Conseil Communautaire du 14 décembre 2012

Pour enfin comprendre les enjeux budgétaires de la Métro …

 


Intervention de Jean-Philippe Motte

Je veux d’abord saluer la qualité du travail préparatoire à l’élaboration de ce budget et la clarté de la présentation de celui-ci.Les contraintes dans lesquelles il doit s’inscrire, les orientations et priorités qui nous sont proposées nécessitent de contenir les dépenses de fonctionnements et de  » décélérer  » , c’est-à-dire de réduire les engagements en matière d’investissement – compte tenu de la stagnation des dotations et recettes de fonctionnement, entrainant une moindre épargne de gestion et une moindre épargne nette ; et de la volonté de tenir la dette en stabilisant le recours à l’emprunt.

D’accord, donc avec ce projet qui ménage les principales lignes d’action de notre Communauté d’agglomération et permet de respecter nos engagements et objectifs en matière d’habitat et d’hébergement, de transports en commun, de développement économique et d’environnement ; de même en ce qui concerne les grands services urbains, à travers les budgets annexes l’assainissement et, à partir de cette année 2013, la collecte et le traitement des ordures ménagères.

Je veux cependant, à l’occasion de ce vote du budget 2013, alerter notre assemblée sur la nécessité de travailler des le début de l’année aux conditions de préparation des budgets 2014 et 2015. Nous savons – le gouvernement nous l’a annoncé – que ces années là vont être particulièrement rudes pour les finances publiques et qu’elles se traduiront notamment par une réduction des concours de l’Etat aux collectivités locales et par la mise en place de prélèvements de péréquation qui vont toucher les communes comme la Métro.
Bref nos recettes de fonctionnement vont en être amoindries, conduisant, si on n’y prend garde, à un étouffement de nos capacités d’action, précisément de notre potentiel d’investissement.


Je m’exprime à ce sujet comme élu de Grenoble et élu communautaire, membre d’un mouvement politique local – Grenoble Objectif Citoyenneté – qui a depuis longtemps affirmé publiquement la nécessité d’aller à une redistribution des cartes – des compétences, des charges et des ressources – entre les communes et la communauté d’agglomération.

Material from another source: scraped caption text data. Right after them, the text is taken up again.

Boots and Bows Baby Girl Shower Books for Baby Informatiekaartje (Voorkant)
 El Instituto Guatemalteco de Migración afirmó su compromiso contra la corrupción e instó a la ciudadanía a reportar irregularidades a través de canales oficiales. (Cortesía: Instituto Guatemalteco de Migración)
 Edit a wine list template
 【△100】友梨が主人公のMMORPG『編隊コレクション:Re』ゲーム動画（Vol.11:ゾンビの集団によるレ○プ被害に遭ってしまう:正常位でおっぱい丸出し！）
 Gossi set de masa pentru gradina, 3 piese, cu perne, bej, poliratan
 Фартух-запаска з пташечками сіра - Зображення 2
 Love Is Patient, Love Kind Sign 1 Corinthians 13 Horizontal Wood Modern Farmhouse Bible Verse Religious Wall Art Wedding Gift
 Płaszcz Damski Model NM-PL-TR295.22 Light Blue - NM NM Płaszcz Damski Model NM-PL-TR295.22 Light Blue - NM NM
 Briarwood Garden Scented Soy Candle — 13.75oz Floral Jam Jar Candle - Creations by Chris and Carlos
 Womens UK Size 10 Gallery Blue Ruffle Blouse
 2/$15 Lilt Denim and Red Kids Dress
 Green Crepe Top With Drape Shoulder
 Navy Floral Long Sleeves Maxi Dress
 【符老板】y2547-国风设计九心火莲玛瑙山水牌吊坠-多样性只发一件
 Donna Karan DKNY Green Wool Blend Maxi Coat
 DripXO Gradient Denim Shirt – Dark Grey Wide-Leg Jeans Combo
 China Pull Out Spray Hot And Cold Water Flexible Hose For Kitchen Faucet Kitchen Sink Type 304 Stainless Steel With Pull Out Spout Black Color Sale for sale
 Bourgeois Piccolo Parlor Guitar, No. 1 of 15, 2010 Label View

Faut-il rappeler que les reversements de la Métro aux communes, allocation de compensation et dotation de solidarité communautaire, se montent à 143.9 millions d’euros et représentent 53 % du budget de fonctionnement de la Métro ? Les accords qui ont été établis au début des années 2000 lorsque nous avons crée la communauté d’agglomération doivent être réexaminés.
Nous sommes, 12 ans après, dans un nouveau contexte économique et financier ; la Métro est montée en régime sur les compétences qui lui étaient dévolues ; (Habitat , Déplacements, Environnement, Politique de la Ville, Action Economique et l’accès à l’emploi ..) ce mouvement se traduit normalement par un moindre engagement des communes dans ces compétences. Il faut aller vers cette clarification vers la diminution et la disparition des recouvrements entrainant une réduction des charges des communes et du coup du reversement de la Métro.
Ceci en veillant évidemment à garder le cap d’une grande solidarité territoriale entre les communes et la Métro, le budget de celle-ci assurant les péréquations nécessaires.
Nous militons donc pour une plus grande intégration des compétences et des ressources à l’échelle communautaire, tout en respectant la commune comme échelle de démocratie et de services de proximité.
Bien entendu cette recomposition des responsabilités des collectivités locales va être éclairée par la nouvelle loi de décentralisation discutée au Parlement dès le début de l’année 2013. Mais n’attendons pas tout du plan national. Nous avons nous même à ouvrir cette réflexion et le débat sur une nouvelle étape de la relation Métro – commune. Faute de quoi, si nous ne faisons rien nous même avec un peu de temps pour préparer 2014, 2015 et la suite, nous nous ferons dicter notre loi par l’urgence qui nous imposera alors des solutions de rafistolage.

On peut espérer que ce travail pourra être aussi soutenu par une nouvelle donne fiscale qu’on attend de la part du législateur, tant on a besoin, nos concitoyens ont besoin, de clarté et de lisibilité – en faisant correspondre autant que possible compétences exercées et ressources collectées : chacun sait ici que l’impôt local est devenu injuste et incompréhensible pour les citoyens parce que fondé sur des valeurs locatives d’un autre âge.